L’île de la Méditerranée orientale avait besoin de 17 milliards (soit son PIB annuel) d’euros pour sauver son système bancaire, les déposants y contribueront pour 5 milliards et un relèvement du taux d’imposition des sociétés, qui passe de 10% à 12,5%, ainsi que quelques privatisations rapporteront 2 milliards. Au final l’effort de solidarité demandé aux pays de l’Eurogroupe et au FMI ne devrait se monter qu’à 10 milliards.
Quoi de plus normal, comme l’a fait remarqué Jeroen Dijsselbloem, le nouveau président de l’Eurogroupe, que « de demander une contribution à tous les déposants » pour sauver le système financier chypriote. Bien qu’on soit quasiment dans le même cas de figure que lors du sauvetage de l’Irlande en 2010, consécutif à l’éclatement de la bulle immobilière de 2008 qui avait dévasté son secteur bancaire, et à qui on n’avait pas eu tant d’exigences. Pourquoi donc ce changement de méthode malgré les réticence de la BCE et de nombreux pays en Europe dont la France ?

Trois éléments ont contribué à l’élaboration de ce plan de sauvetage le plus sévère qu’un pays de la zone Euro ait connu.

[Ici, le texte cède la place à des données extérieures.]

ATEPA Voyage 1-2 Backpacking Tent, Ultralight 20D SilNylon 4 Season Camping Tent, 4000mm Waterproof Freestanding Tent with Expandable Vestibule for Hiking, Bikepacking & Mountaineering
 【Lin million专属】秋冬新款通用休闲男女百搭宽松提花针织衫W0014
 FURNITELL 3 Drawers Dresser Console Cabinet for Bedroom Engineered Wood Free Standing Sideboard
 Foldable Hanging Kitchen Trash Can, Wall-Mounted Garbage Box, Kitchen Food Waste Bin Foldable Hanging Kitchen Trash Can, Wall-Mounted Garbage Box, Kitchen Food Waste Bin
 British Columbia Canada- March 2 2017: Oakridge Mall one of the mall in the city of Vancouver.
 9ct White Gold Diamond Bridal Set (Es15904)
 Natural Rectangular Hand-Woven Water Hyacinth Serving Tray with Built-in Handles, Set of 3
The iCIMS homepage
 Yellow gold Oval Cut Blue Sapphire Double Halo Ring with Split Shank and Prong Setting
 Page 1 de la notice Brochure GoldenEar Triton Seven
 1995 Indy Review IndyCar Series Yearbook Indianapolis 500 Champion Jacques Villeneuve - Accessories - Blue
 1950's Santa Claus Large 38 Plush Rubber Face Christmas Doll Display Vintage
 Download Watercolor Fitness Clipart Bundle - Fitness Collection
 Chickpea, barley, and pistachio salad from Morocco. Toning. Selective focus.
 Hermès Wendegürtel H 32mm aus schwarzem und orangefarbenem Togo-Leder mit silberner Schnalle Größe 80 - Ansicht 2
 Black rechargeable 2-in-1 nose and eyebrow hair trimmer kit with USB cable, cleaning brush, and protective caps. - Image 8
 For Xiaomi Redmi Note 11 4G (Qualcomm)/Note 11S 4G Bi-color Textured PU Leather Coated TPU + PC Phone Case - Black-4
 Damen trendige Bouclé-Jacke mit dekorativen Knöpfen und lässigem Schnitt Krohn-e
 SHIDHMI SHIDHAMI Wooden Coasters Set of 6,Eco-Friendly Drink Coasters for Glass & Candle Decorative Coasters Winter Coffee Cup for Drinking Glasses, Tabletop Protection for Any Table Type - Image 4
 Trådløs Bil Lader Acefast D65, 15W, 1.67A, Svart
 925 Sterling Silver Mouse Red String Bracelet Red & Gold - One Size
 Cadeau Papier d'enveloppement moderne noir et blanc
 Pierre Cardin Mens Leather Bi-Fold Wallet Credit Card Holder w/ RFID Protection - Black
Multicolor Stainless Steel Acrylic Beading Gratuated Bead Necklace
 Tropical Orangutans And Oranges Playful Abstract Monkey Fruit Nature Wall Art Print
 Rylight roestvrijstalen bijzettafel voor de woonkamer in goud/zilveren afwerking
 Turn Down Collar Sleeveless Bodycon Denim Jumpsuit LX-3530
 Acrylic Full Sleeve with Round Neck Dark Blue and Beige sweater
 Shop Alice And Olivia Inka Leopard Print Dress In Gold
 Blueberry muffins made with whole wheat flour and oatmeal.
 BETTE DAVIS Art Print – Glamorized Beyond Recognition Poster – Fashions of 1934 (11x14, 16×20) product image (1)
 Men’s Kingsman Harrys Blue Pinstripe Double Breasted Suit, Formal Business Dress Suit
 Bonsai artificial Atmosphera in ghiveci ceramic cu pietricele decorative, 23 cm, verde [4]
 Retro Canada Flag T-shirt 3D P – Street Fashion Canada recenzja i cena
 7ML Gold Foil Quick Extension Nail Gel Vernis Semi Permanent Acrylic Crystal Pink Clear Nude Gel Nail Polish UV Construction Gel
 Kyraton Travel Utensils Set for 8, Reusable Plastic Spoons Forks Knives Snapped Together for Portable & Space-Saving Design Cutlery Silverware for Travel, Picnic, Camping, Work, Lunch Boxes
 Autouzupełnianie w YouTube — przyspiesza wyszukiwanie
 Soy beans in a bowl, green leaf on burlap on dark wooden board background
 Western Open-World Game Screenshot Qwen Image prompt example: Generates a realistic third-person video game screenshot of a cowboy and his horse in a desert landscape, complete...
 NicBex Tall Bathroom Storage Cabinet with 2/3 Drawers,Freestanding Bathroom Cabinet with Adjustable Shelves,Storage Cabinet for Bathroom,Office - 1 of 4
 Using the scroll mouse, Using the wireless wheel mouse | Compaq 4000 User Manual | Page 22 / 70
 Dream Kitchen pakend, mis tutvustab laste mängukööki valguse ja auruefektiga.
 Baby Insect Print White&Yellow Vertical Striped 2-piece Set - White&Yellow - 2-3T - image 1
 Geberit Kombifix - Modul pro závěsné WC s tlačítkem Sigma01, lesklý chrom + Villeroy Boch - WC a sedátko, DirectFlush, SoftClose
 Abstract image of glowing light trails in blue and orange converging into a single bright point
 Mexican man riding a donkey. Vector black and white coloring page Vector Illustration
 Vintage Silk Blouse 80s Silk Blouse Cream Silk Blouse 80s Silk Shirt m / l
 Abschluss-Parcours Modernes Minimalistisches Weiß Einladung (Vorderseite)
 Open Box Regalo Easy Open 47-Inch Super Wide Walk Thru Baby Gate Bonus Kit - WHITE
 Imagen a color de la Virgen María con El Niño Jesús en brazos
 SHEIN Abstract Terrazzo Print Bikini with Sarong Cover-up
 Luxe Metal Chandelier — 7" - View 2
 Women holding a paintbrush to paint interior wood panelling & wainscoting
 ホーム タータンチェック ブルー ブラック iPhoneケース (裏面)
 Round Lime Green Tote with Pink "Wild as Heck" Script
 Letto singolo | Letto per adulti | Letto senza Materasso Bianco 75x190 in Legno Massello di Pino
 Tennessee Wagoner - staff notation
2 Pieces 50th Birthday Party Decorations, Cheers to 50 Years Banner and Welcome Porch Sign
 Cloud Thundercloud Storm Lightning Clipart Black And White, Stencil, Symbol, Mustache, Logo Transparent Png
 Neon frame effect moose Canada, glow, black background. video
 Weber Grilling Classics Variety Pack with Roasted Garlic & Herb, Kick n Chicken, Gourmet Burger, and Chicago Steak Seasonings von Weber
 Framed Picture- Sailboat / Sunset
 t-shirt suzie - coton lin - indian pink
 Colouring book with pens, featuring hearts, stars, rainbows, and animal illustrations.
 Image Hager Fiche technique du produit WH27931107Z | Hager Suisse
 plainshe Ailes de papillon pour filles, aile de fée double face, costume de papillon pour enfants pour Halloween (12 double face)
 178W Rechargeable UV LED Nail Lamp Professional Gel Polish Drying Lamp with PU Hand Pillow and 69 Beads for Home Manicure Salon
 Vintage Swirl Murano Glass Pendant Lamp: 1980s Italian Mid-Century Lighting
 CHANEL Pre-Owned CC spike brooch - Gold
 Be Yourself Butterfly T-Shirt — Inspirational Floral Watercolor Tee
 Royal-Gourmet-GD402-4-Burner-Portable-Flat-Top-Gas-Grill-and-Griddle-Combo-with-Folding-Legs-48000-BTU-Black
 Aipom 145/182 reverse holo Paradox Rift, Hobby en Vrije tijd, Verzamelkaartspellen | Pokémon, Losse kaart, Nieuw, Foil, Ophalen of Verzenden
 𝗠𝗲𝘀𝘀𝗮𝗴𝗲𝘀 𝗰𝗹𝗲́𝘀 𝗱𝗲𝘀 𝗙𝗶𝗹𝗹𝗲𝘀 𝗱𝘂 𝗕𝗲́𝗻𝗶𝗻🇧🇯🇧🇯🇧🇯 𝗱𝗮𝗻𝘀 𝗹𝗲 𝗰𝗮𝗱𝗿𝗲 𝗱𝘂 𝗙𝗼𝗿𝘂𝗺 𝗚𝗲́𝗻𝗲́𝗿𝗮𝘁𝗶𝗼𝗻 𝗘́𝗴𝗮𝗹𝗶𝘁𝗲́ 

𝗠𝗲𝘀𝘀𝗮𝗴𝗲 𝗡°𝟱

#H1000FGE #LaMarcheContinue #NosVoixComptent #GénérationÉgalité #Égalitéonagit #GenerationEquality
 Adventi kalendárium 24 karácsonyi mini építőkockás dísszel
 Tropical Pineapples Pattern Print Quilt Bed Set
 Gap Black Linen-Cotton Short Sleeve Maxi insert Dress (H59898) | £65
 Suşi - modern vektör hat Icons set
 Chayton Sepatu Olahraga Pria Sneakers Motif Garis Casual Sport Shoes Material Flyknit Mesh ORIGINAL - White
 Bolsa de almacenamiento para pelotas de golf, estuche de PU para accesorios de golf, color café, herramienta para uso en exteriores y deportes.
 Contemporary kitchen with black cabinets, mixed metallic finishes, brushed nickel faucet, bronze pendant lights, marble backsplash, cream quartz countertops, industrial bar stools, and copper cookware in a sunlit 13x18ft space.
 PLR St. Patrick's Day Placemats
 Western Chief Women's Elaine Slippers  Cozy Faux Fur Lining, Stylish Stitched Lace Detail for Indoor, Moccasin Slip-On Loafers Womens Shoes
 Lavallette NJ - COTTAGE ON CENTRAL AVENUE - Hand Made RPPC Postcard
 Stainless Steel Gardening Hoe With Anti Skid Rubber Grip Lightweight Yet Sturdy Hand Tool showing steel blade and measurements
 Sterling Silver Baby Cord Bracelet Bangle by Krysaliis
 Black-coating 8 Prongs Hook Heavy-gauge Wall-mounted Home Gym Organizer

- La réputation sulfureuse de l’île, présentée comme un paradis fiscal pour oligarque russe ou une grande lessiveuse pour argent sale. Demander aux contribuables européens de secourir un postier irlandais ou un agriculteur espagnol cela passe mais renflouer, entre autre, le compte en banque d’un trafiquant d’arme russe c’est invendable.
- L’approche des élections générales en Allemagne (première contributrice des plans de sauvetage) de septembre et une campagne électorale où chaque camp (y compris le SPD, les amis de « gauche » de Normal 1er) doit se montrer le plus intransigeant face aux cigales du Sud. L’ancien président chypriote Dimitris Christofias, un communiste (et oui, cela existe encore) porte aussi une lourde responsabilité dans cette affaire car les problèmes de l’île sont connu depuis bien longtemps mais il a préféré laisser pourrir le dossier (je suppose qu’il espérait faire nettoyer les écuries d’Augias par un successeur, c’est fait).
- l’impossibilité pour le FMI de financer un pays non-solvable. Certains ont tendance à l’oublier mais le FMI n’est pas seulement au service de l’Europe mais à celui de tous ses membres et l’argent prêté ne peut l’être à fonds perdus car son remboursement doit servir à aider un autre pays qui dans le future en aura besoin. Un plan de sauvetage de 17 milliards aurait fait crever le plafond de la dette publique chypriote à plus de 140% du PIB, un niveau auquel le plupart des économistes considère qu’un pays est insolvable.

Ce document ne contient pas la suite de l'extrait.